# TASK REQUIREMENTS
Beginning with the line where "YIBAKE Elektrischer Pizzaofen 12 Zoll" appears, set down each line exactly until the records below end, and omit the pictures.

Segment Start: DATA TO EXAMINE

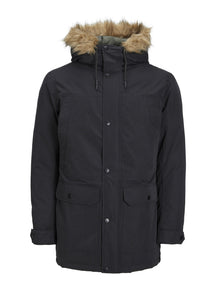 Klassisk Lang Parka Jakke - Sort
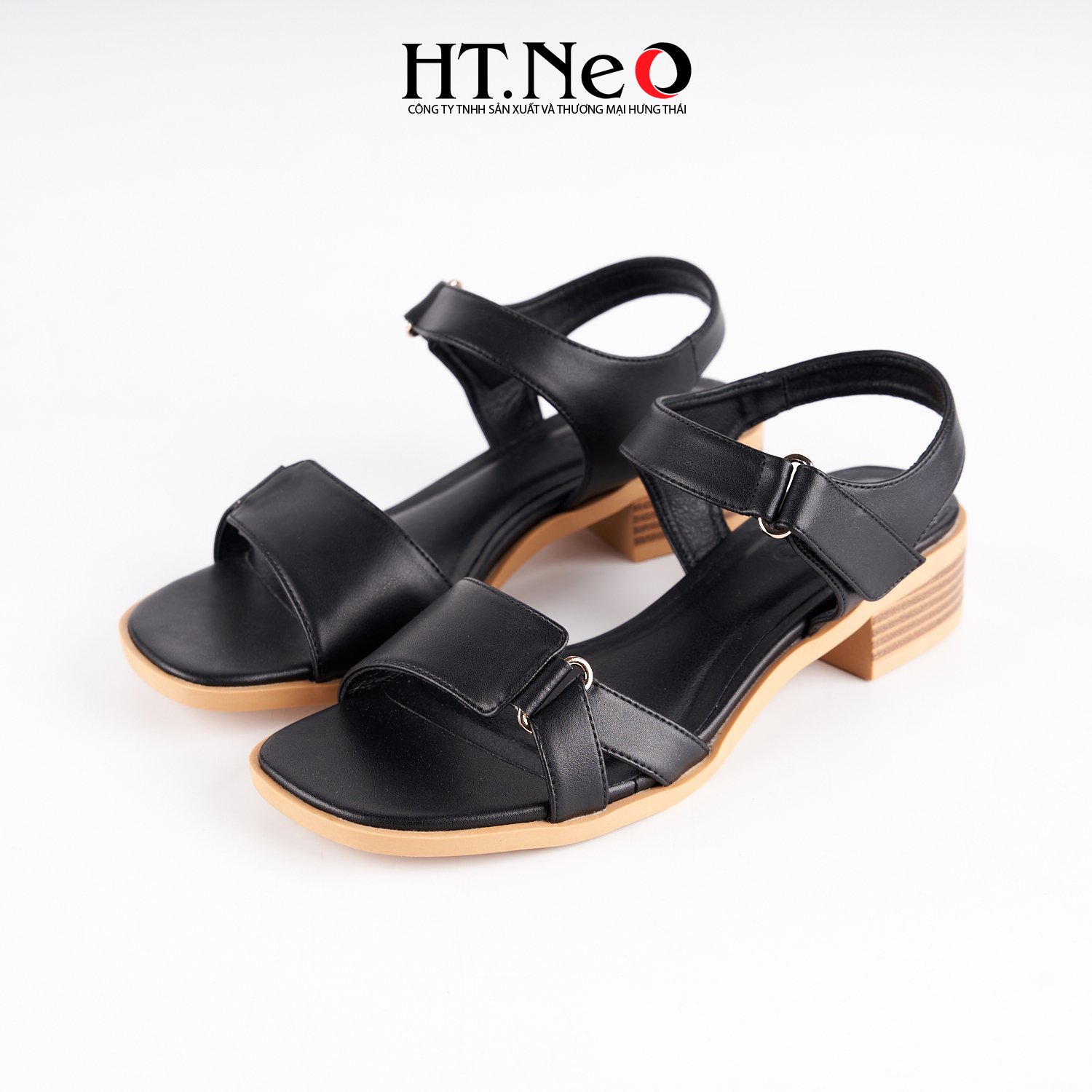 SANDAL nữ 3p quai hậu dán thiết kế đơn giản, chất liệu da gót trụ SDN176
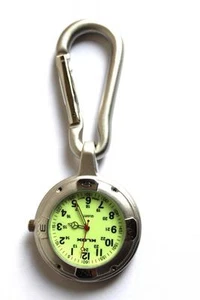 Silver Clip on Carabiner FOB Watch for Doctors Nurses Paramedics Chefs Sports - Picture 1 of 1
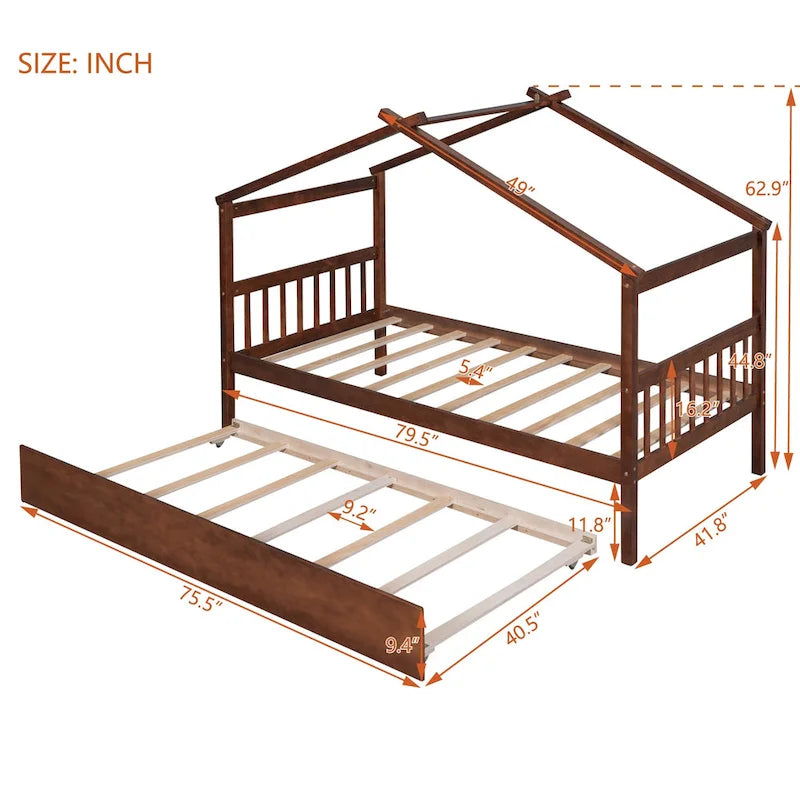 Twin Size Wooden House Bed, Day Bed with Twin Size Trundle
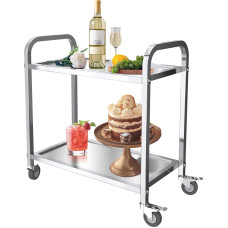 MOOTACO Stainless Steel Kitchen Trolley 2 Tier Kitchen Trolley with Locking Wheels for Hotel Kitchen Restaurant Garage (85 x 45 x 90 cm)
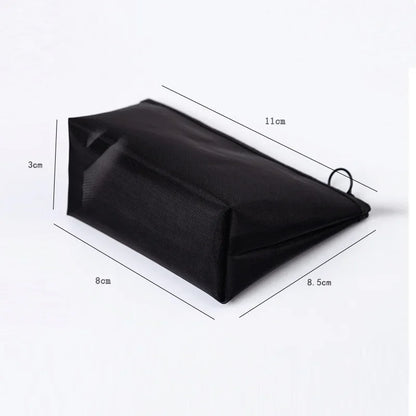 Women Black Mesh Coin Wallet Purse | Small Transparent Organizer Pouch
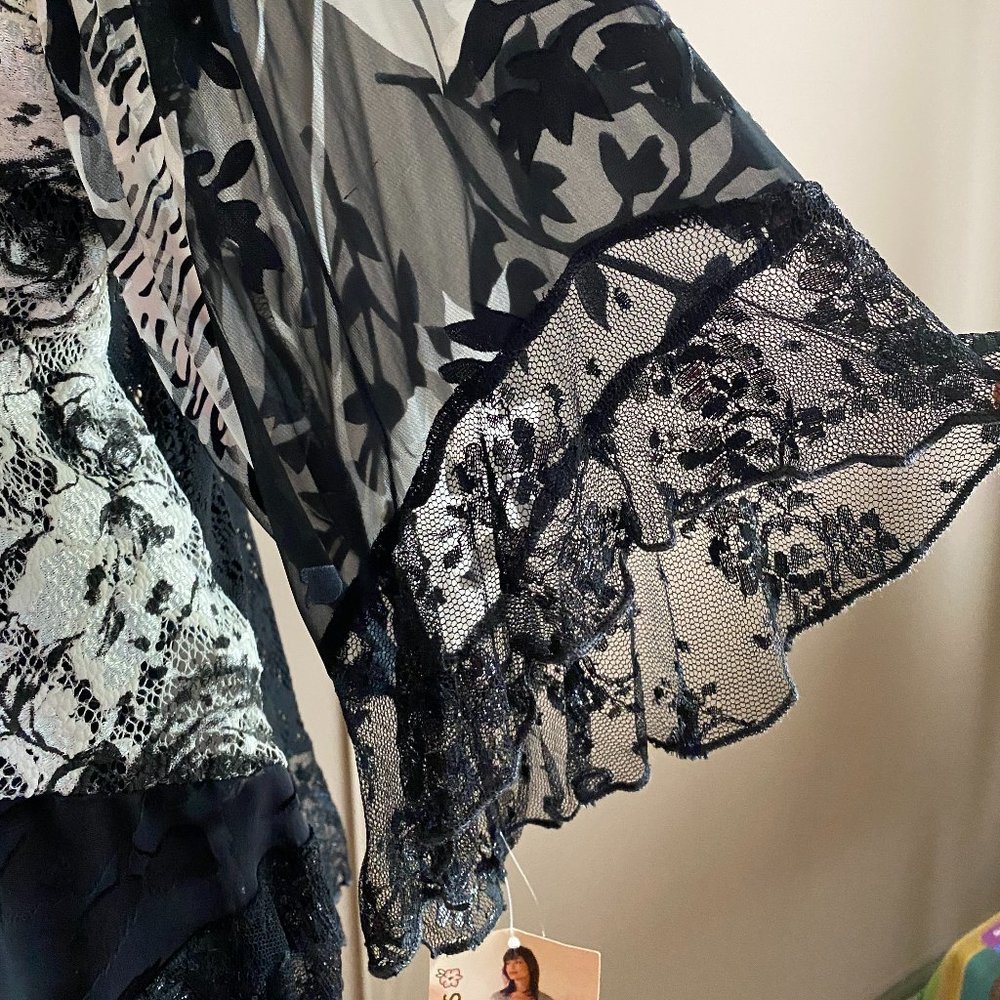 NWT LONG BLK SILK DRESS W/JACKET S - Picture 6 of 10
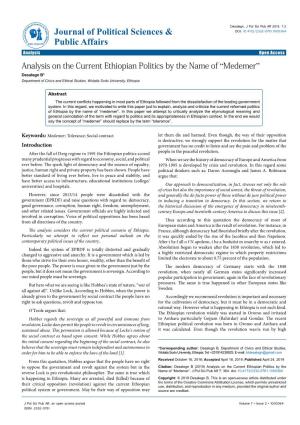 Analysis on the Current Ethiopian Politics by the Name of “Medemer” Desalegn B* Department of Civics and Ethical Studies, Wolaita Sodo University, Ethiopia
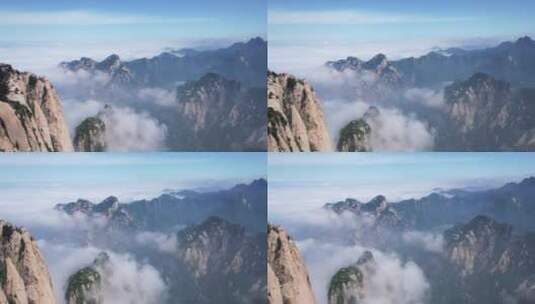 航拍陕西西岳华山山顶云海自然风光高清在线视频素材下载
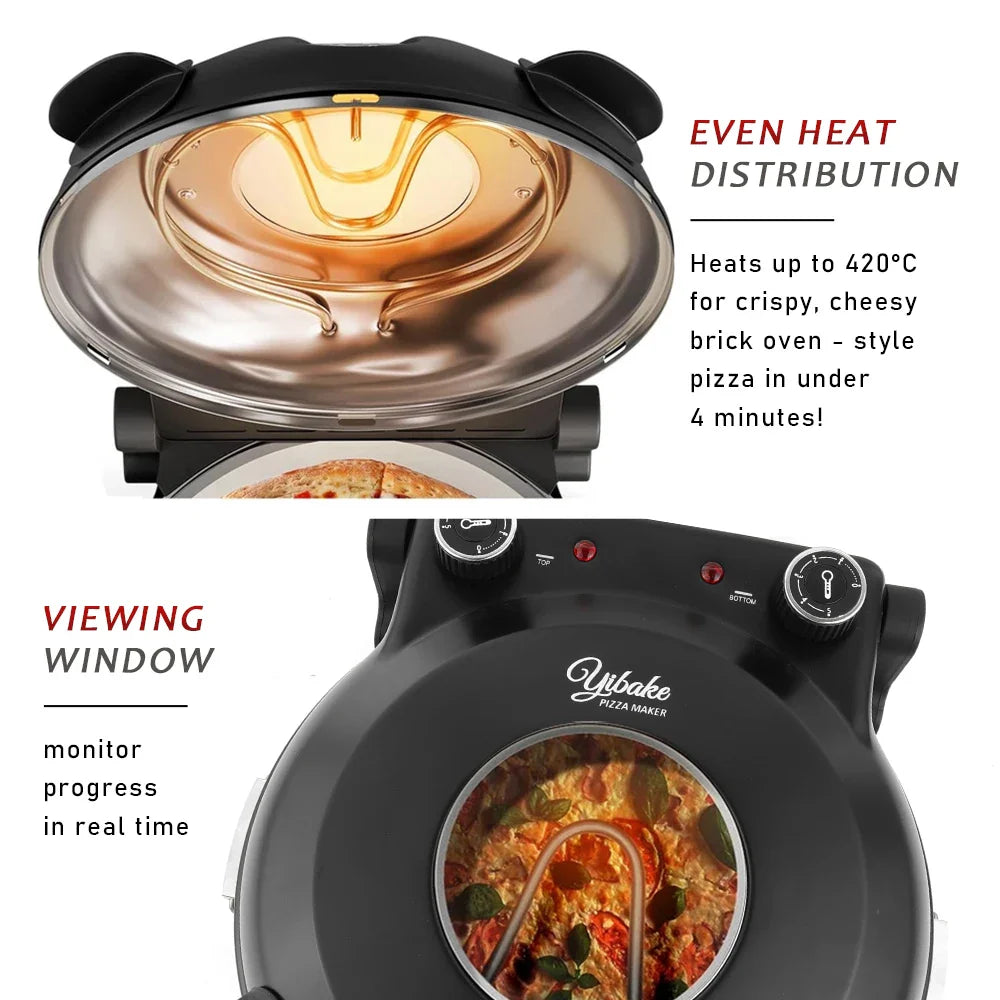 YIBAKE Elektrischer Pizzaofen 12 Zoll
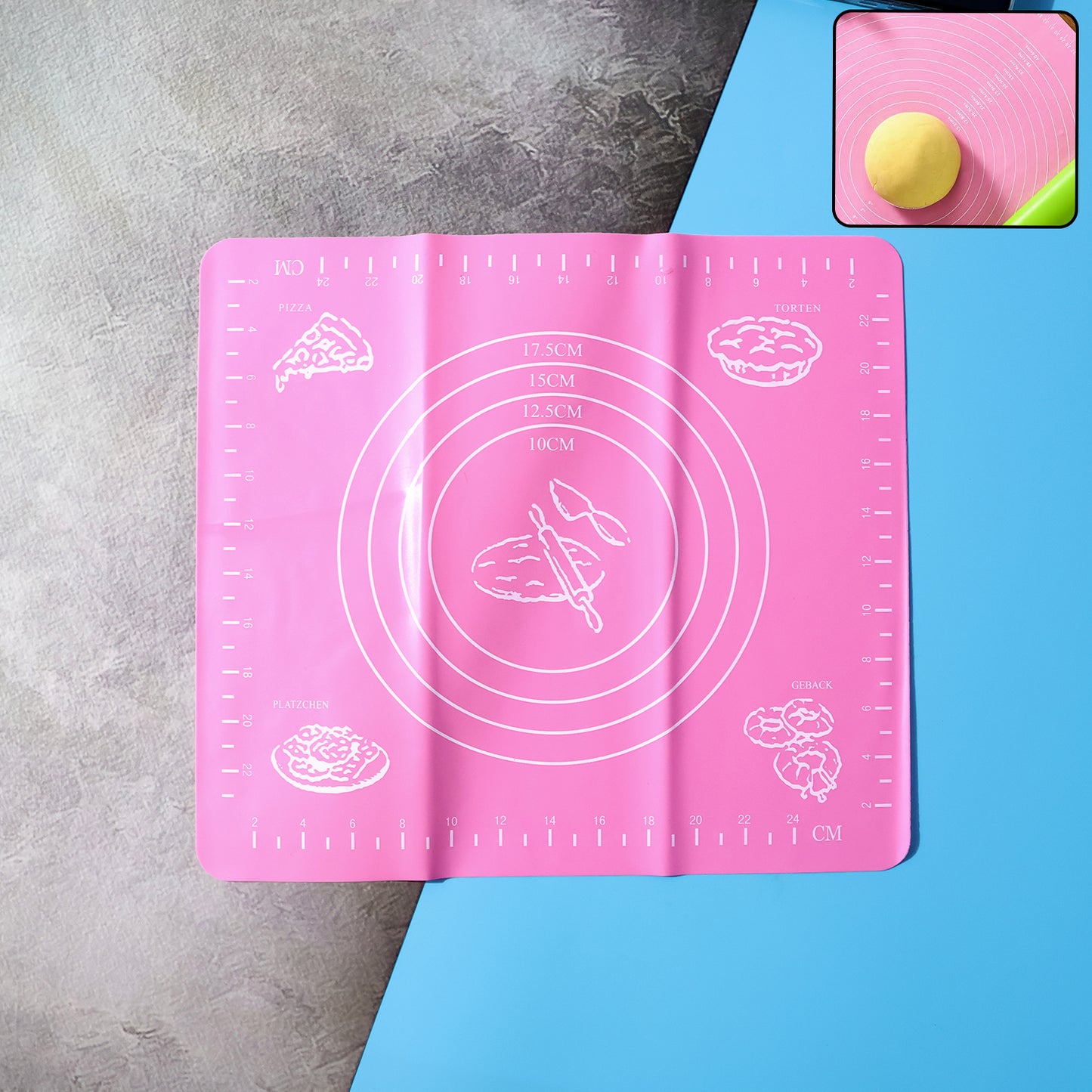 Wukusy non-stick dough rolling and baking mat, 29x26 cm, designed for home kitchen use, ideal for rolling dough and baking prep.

Segment End: DATA TO EXAMINE

# SOLUTION FOR THIS PROBLEM
 YIBAKE Elektrischer Pizzaofen 12 Zoll
 Wukusy non-stick dough rolling and baking mat, 29x26 cm, designed for home kitchen use, ideal for rolling dough and baking prep.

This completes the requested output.